The entries below contain pictures. Write out only the lines from the line with "мой быстрый 🤣" up to and including the line with "ヒメ日記 2025/09/09 10:53 投稿 律（りつ） 熟女の風俗最終章 大宮店", exactly, without them.

START Data extract

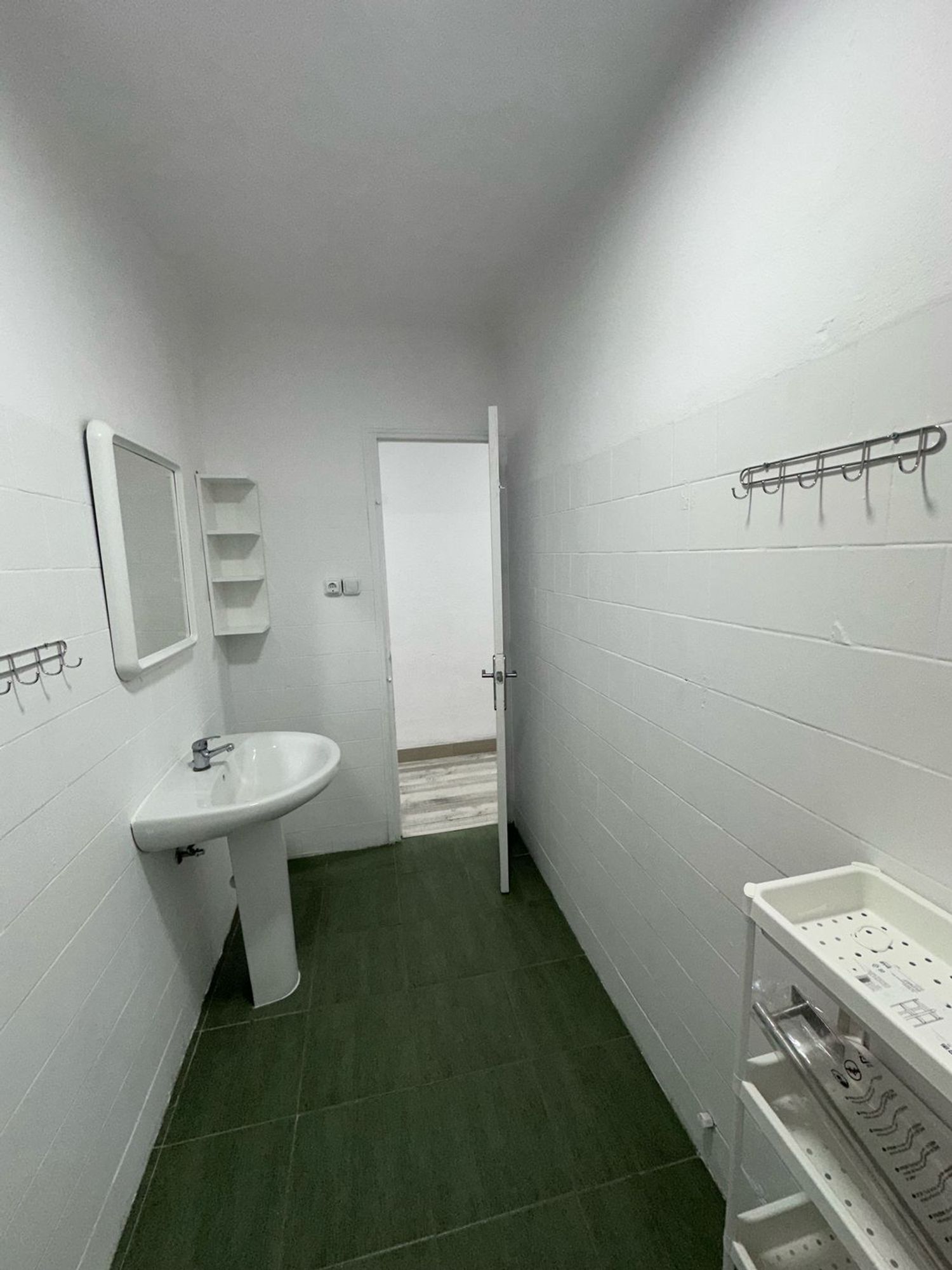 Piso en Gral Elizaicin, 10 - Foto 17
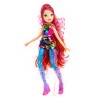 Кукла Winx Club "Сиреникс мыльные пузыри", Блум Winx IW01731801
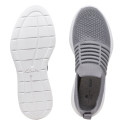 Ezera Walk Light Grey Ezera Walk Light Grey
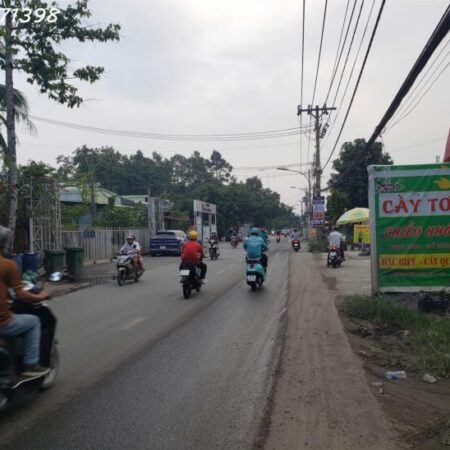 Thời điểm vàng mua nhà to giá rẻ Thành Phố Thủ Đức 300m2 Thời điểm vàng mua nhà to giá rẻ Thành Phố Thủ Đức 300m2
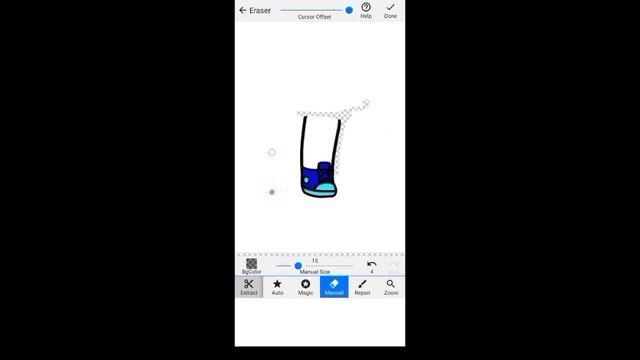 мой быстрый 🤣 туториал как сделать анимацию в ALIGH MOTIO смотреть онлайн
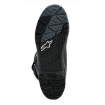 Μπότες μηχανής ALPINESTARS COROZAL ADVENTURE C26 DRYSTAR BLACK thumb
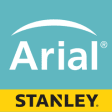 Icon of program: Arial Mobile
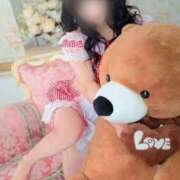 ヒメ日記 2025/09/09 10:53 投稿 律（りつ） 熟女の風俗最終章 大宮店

END Data extract
START Data extract

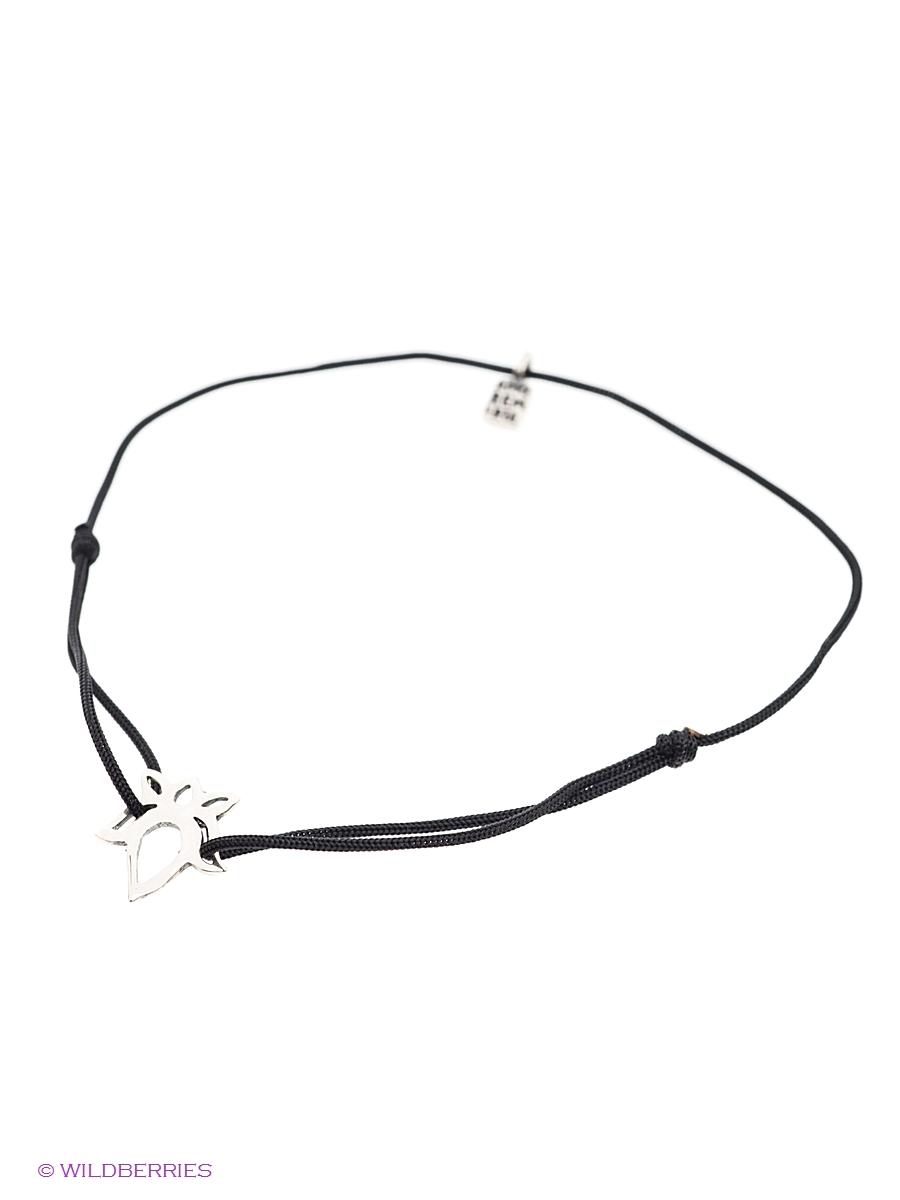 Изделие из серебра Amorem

END Data extract
START Data extract

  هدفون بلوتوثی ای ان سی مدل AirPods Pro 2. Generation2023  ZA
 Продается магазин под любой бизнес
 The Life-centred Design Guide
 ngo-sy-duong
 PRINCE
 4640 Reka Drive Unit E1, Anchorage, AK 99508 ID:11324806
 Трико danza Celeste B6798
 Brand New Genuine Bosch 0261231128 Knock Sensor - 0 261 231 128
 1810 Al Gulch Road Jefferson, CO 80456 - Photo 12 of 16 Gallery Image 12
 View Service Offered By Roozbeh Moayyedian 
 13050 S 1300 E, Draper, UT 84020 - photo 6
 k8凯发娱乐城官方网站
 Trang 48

END Data extract

Result of the exercise:
 мой быстрый 🤣 туториал как сделать анимацию в ALIGH MOTIO смотреть онлайн
 Μπότες μηχανής ALPINESTARS COROZAL ADVENTURE C26 DRYSTAR BLACK thumb
 Icon of program: Arial Mobile
 ヒメ日記 2025/09/09 10:53 投稿 律（りつ） 熟女の風俗最終章 大宮店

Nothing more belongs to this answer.